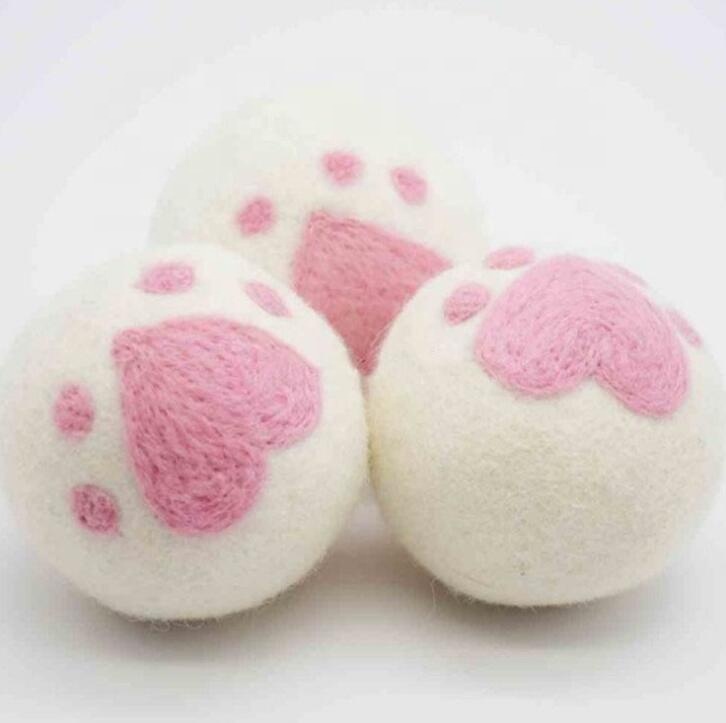 Хит продаж, экологически чистые шерстяные фетровые сушильные шарики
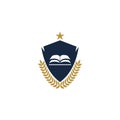 University  Academy  School and Course logo design template Royalty Free Stock Photo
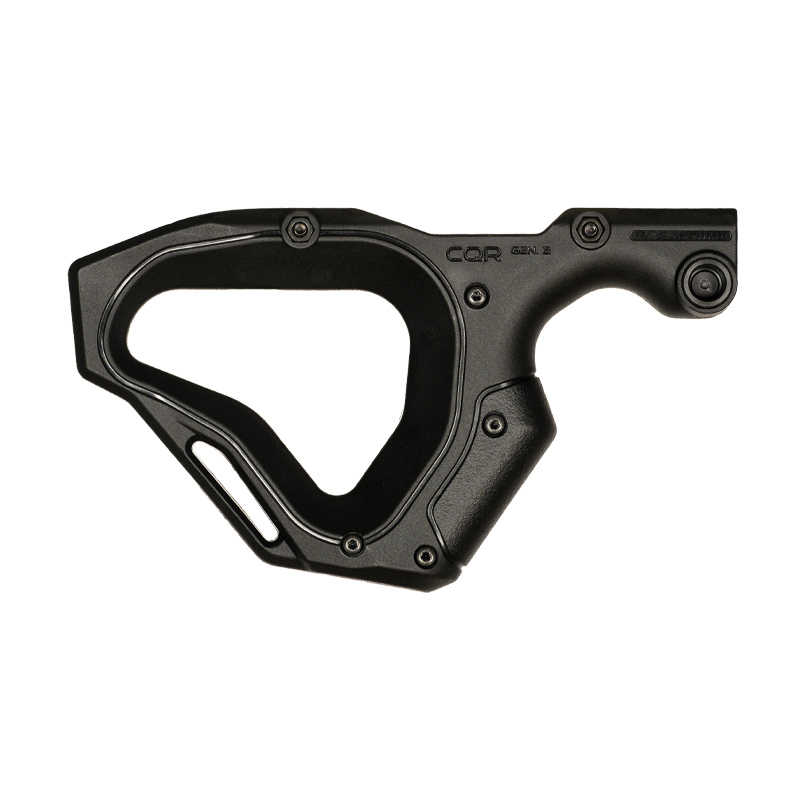 CQR GEN2.0 front grip in black for AR-15/M4, pointing left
==================================================
__TASK TO CARRY OUT__. Extract the run of lines beginning with the line that holds "Free Stock Photo" and ending at the last line of the data, inclusive. Exclude any pictures from the copy.

__OUTPUT BELOW__.
 University  Academy  School and Course logo design template Royalty Free Stock Photo
 CQR GEN2.0 front grip in black for AR-15/M4, pointing left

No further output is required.